Scénariste : Simon Hureau
Dessinateur : Simon Hureau
Coloriste : Simon Hureau
Éditeur : Futuropolis

Taille : Format normal
Dépôt Légal : 11/2006
ISBN-10 : 2-75480-082-4
ISBN-13 : 978-2-75480-082-2
Nb Pages : 208
Prix de détail : 39.50$ (23.00€)

Genre : Chroniques; Drame urbain



Synopsis du site de Futuropolis
Nous sommes dans un bourg quelconque en Basse Normandie, au bord de la nationale 13. Depuis que la gare désaffectée a été transformée en salle de cinéma, les petits commerces du centre ferment les uns après les autres. Tout le monde va dans les centres commerciaux à la périphérie. Il n'y a plus grand chose d'ouvert.
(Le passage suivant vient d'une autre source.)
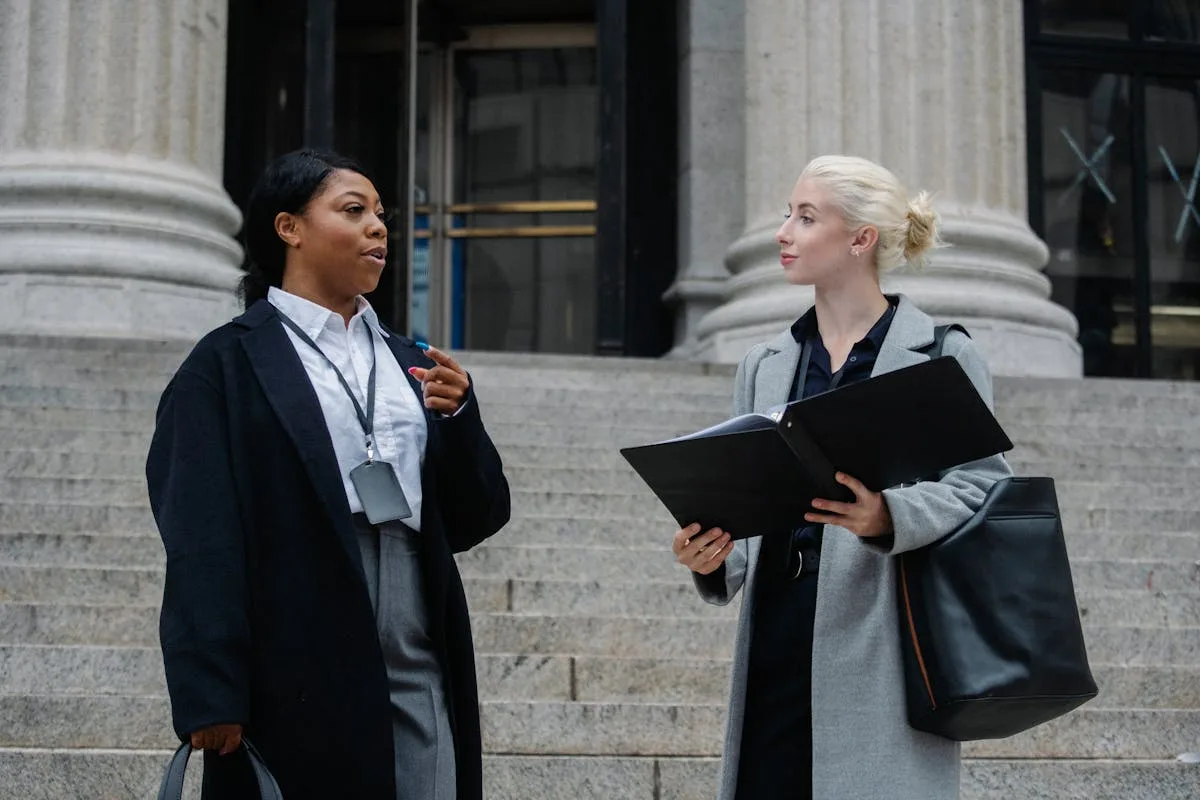 Two professional women in discussion on outdoor courthouse steps, holding documents.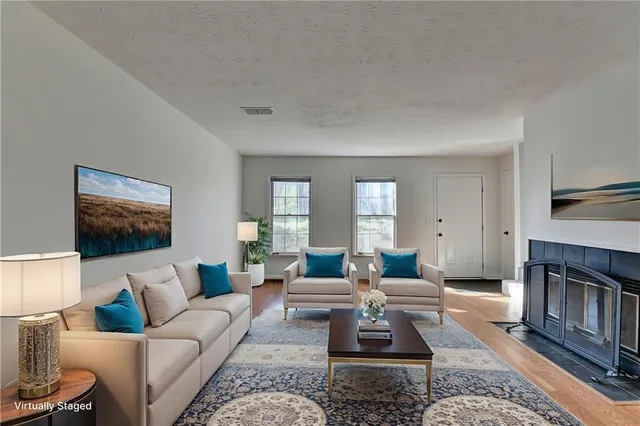 a living room with furniture wooden floor and a flat screen tv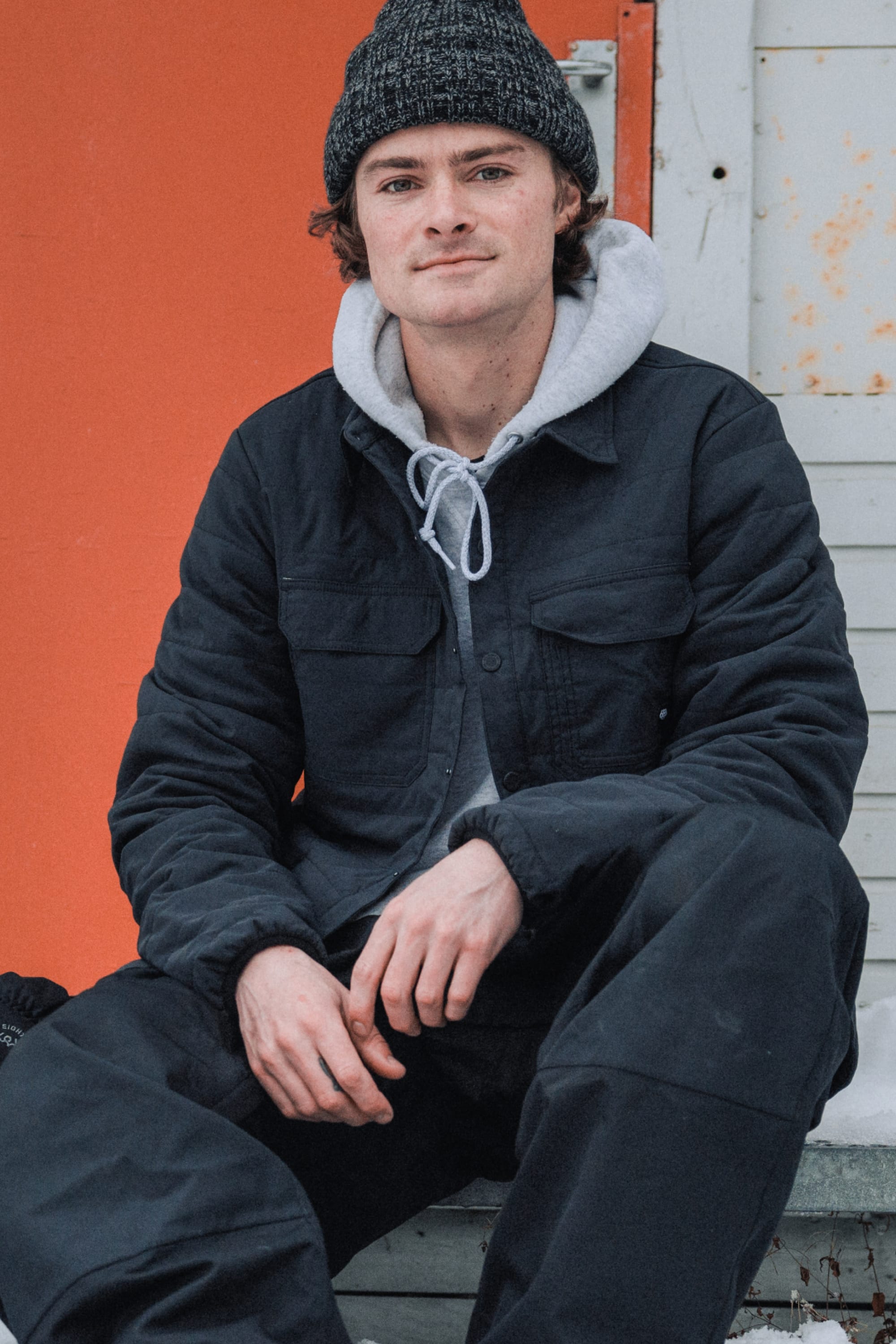A young person in stylish citywear—a gray beanie, gray hoodie, black jacket, and the 686 Men's Thermaldry™ Snap-Up Shirt—sits on outdoor steps, posing confidently before an orange and white wall.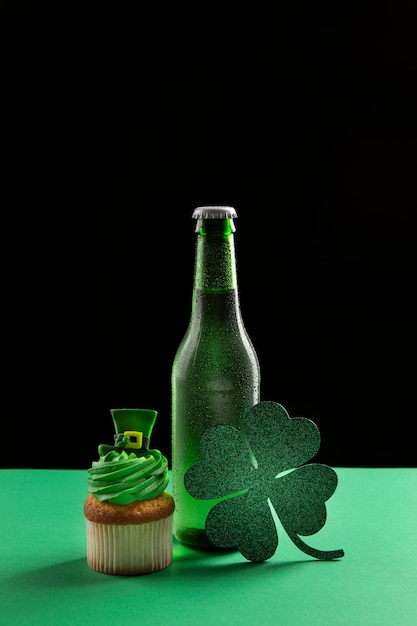 Free Photo arrangement with beer bottle, cupcake and clover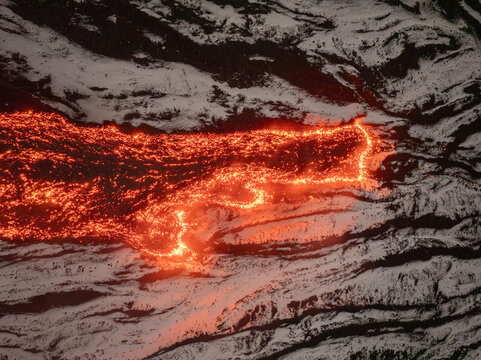 Aerial view of molten lava snaking through the dark, volcanic landscape, a fiery river cutting a path through the rugged terrain, Catania, Sicily, Italy.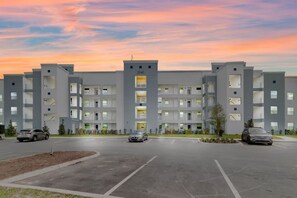 A multi-story building with a flat roof, numbered 3141, featuring a central entrance and multiple balconies. - Lake View 3BR/2BA • Themed Rooms SL31418 (Kissimmee)
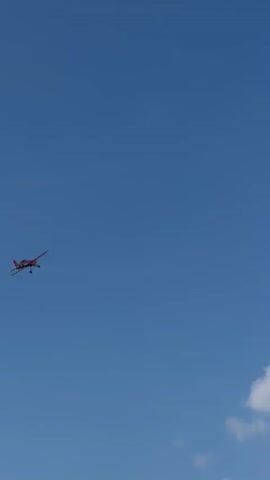 A small, red and white airplane is captured in mid-flight against a clear blue sky. The airplane appears to be performing aerobatics, as evidenced by a white smoke trail that extends from its tail, forming a curved shape in the sky. The sun is high, suggesting it is daytime, and there are a few wispy clouds visible near the bottom of the frame, indicating fair weather. The scene is set in an open area, likely rural, given the vast expanse of sky and lack of prominent structures. The image conveys a sense of freedom and excitement associated with flight and aerial displays. No visible text is present in the media file.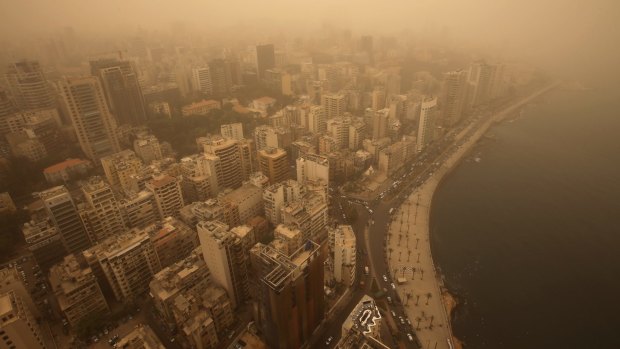 An unseasonal sandstorm shrouds Beirut, Lebanon, on Tuesday.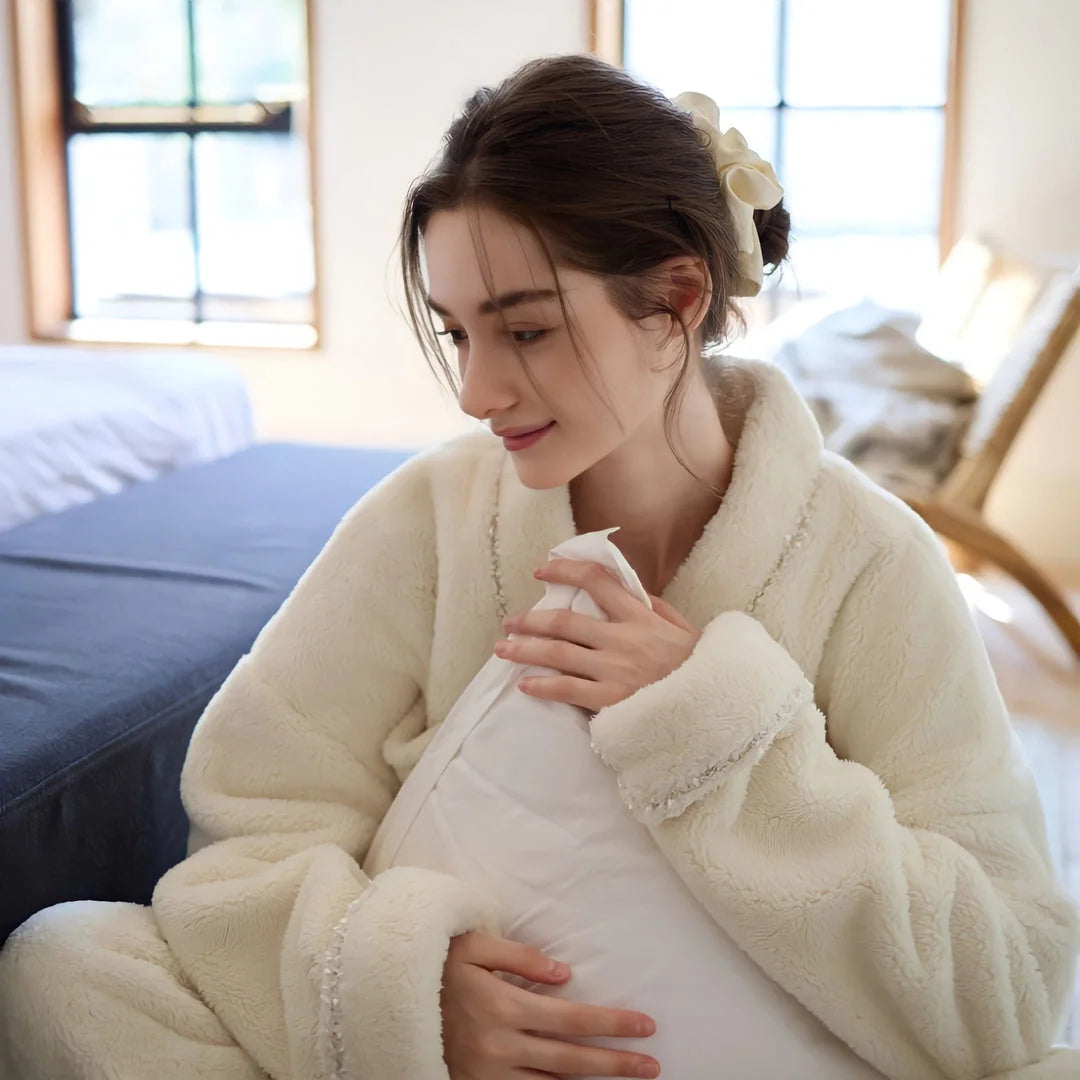Detailed shot of the model's face and the soft collar of the cream fleece pajama top as she holds a pillow - RoomDen.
Sur les rideaux de fer baissés pendouillent des pancartes « À vendre ». D'autres boutiquers annoncent « Liquidation totale avant fermeture » ou « Dernière démarque avant fermeture ». Dans les rues désertes, il n'y a plus que les mouettes... Comme elles ne risquent pas d'être dérangées, elles se sont installées en conquérantes. Portrait au vitriol d'une petite ville de province en déclin, Tout doit disparaître est un récit incisif et résolument noir.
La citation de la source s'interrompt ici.